Records supplied
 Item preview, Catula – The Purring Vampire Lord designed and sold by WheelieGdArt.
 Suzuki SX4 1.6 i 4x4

...

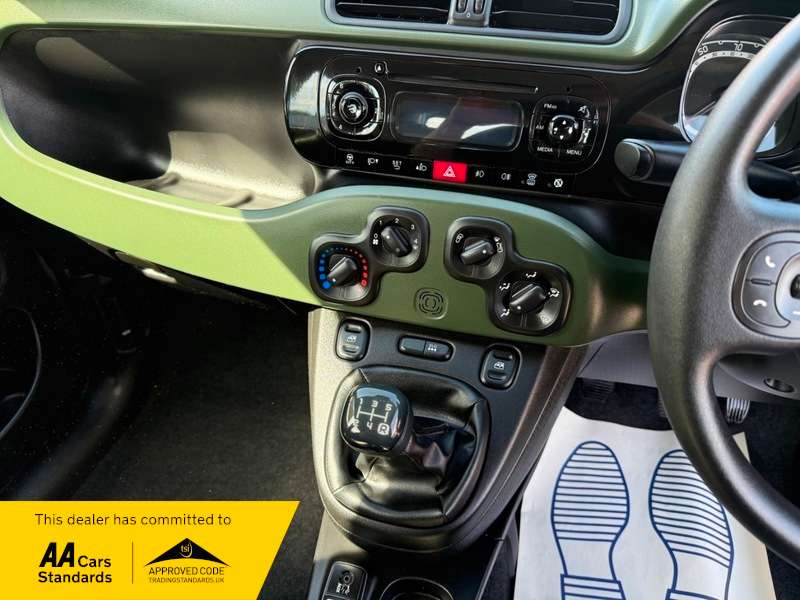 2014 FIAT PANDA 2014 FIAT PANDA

==

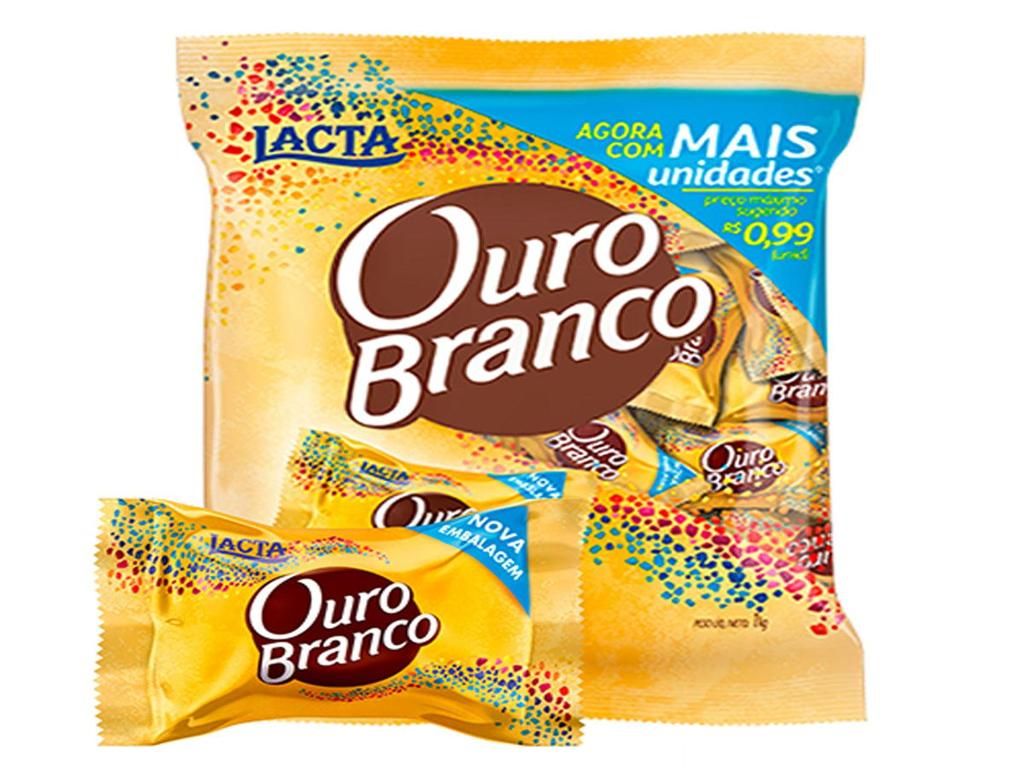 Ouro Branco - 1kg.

Exercise
Given the records above, return exactly the lines starting at the line containing "Item preview, Catula" and ending at the line containing "Suzuki SX4 1.6 i 4x4", including both.

Written solution
 Item preview, Catula – The Purring Vampire Lord designed and sold by WheelieGdArt.
 Suzuki SX4 1.6 i 4x4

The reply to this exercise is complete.